Except for known and diagnosed bipolar disorder, my patient lacks other possibilities for his behavior: an antisocial personality disorder. He is not borderline, and does not have ADHD. I am unaware of prior brain injury and he has four months of sobriety from all illicit drugs verified by negative regular and random urine screens. He has had witnessed consumption of Depakote, his mood stabilizer, although admittedly he has not had a level drawn and has requested increasing his dose from 250 twice a day to 500mg twice a day. “I feel better on the higher dose.”
Certainly, there are some exotic theories for an etiology for IED such as a low brain serotonin turnover rate(low 5-HIAA) in the CSF as well as an increased insulin secretion. I am personally aware how volatile any of us can become with low blood sugar certainly a consequence of elevations of insulin.
It is important to address treatment issues for IED. In Billy’s case, we are utilizing the aforementioned interdisciplinary approach to our patient’s documented polysubstance addiction problems. Our method includes addressing mental and physical health issues. Unquestionably, a concern for family dynamics as well as Billy’s difficult dependent relationship with his girlfriend are important in our focus. We are treating him for bipolar disorder as well as endeavoring to find the best anxiolytic because so much of his challenge has been his own self-medicating with marijuana, MDX, alcohol, and opiates.
It is my opinion that Billy definitely has issues with bipolar disorder which we are in the process of stabilizing.
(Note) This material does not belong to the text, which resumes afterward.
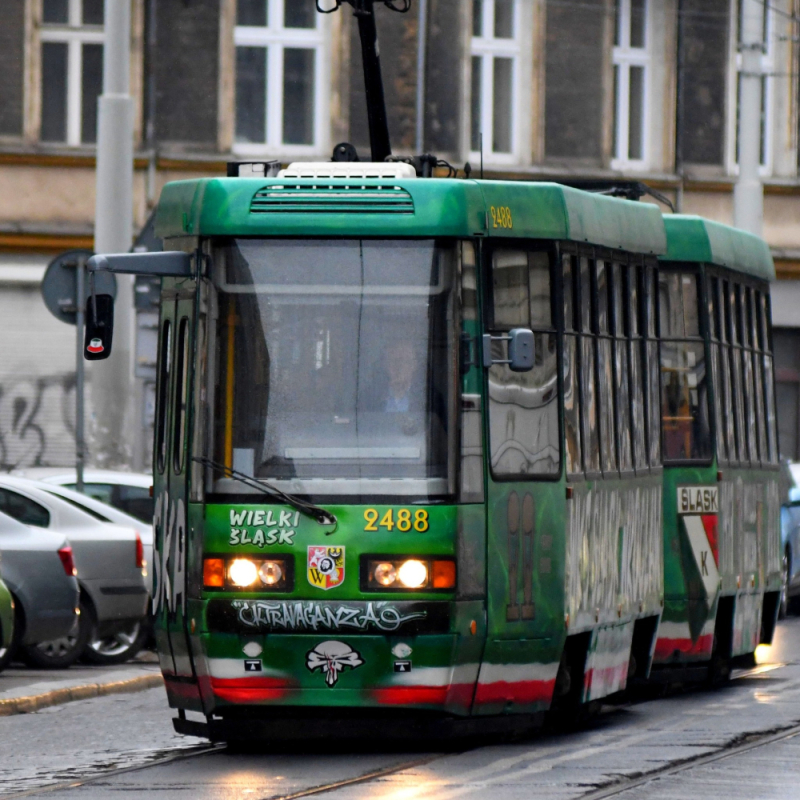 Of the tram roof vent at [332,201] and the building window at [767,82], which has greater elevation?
the building window at [767,82]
We are working with his family as well as generating as much cooperation from Billy who I want to begin assuming more and more responsibility for his treatment as well as his behavior. As with other issues like cursing out his mother, I am trying to help Billy create better alternatives. Cognitive behavior therapy(CBT) is one of the mainstays of therapy. I like to think ours is eclectic and may as a result be even more successful. I am not so quick to incriminate Billy’s primary illness, bipolar disorder as what instigates his IED.
My plan is to approach Billy’s IED both independently and simultaneously with his bipolar disorder and addiction to relearn “uncontrollable” responses to frustration. I would like to see him divert impulsive and disproportionate rage reactions elsewhere or help him anticipate ways of avoiding potential trigger events like the one described he had at school.
In this event, I am attempting to assist Billy prepare by avoiding any potential for such an reoccurrence. I advised developing preventive skills. There is no way I can guarantee we can fully eliminate IED in our client. However, I believe it helps to view IED as an independent entity with its own combustion point that can be anticipated and hopefully modulated.